LONDON, 9 Juli 2017 – Perubahan iklim memberikan dampak buruk bagi lebah di Eropa dan pemanasan global memberikan masalah reproduksi bagi kura-kura Atlantik. Dua penelitian terpisah mengkonfirmasikan bahwa kekhawatiran peningkatan level karbon dioksida dan suhu planet dapat berdampak buruk bagi kehidupan liar.
Diperkirakan setidaknya ada 550 spesies lebah di Jerman. Banyak dari spesies ini soliter dan hidup singkat: lebah betina mendedikasikan hidup mereka beberapa minggu untuk memberi makan, reproduksi dan meninggalkan makan bagi keturunan mereka.
Yang menjadi catatan penting adalah momen penetasan: saat lebah muncul terlalu awal dari hibernasi, makanan tidak tersedia dan kelaparan. Dan, musim semi bergerak lebih awal beberapa dekade belakangan.
Lingkungan terkontrol
Para peneliti di Universitas Würzburg melaporakan pada Journal of Animal Ecology bahwa mereka telah membuat 36 kandang terbang untuk melihat tiga spesies lebah yang muncul saat musim semi, dan lingkungan kandang yang terkontrol sehingga lebah tersebut muncul saat tanaman mulai berbunga, tiga atau enam hari sebelumnya.
Kemudian mereka mengamati perkembangan lebah dalam daur hidupnya yang singkat. Beberapa lebah yang muncul terlalu cepat tidak bertahan. Lebah yang bertahan tidak terlalu aktif dan hanya menghasilkan beberapa generasi.
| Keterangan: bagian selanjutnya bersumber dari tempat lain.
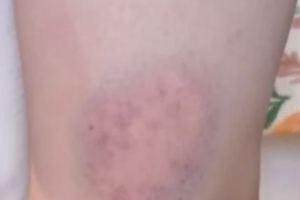 기사로 이동 - 아기돼지에게 손 내밀었다가 비명… ‘환승연애’ 그녀의 4월 태국 여행 악몽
“Sudah terlihat adanya ketidakcocokan minor temporal dari tiga atau enam hari cukup untuk merugikan lebah,” jelas Mariela Schenk, yang mengepelai studi tersebut.
Salah satu spesies merespon kekurangan makanan dengan memproduksi lebih sedikit lebah betina dan lebih banyak jantan, yang butuh sedikit makanan ketimbang betina. Spesies lainnya merespon dengan menempatkan lebih sedikit telur pada setiap sarang.
Spesies ketiga menjadi lebih aktif pada tahap kedua kehidupannya, namun tidak cukup aktif untuk mengganti permulaan yang buruk.
Secara umum, penempatan waktu yang buruk berdampak kepada lebah. Tanaman yang bergantung pada polinasi lebah juga tidak mendapatkan manfaat apa-apa.
Makhluk dengan kebiasaan
Para peneliti saat ini mengkonfirmasi bahwa perubahan iklim akan berdampak pada keanekaragaman hayati, seperti manusia, kehidupan liar seperti pola cuaca akan menjadi tidak bisa diprediksi.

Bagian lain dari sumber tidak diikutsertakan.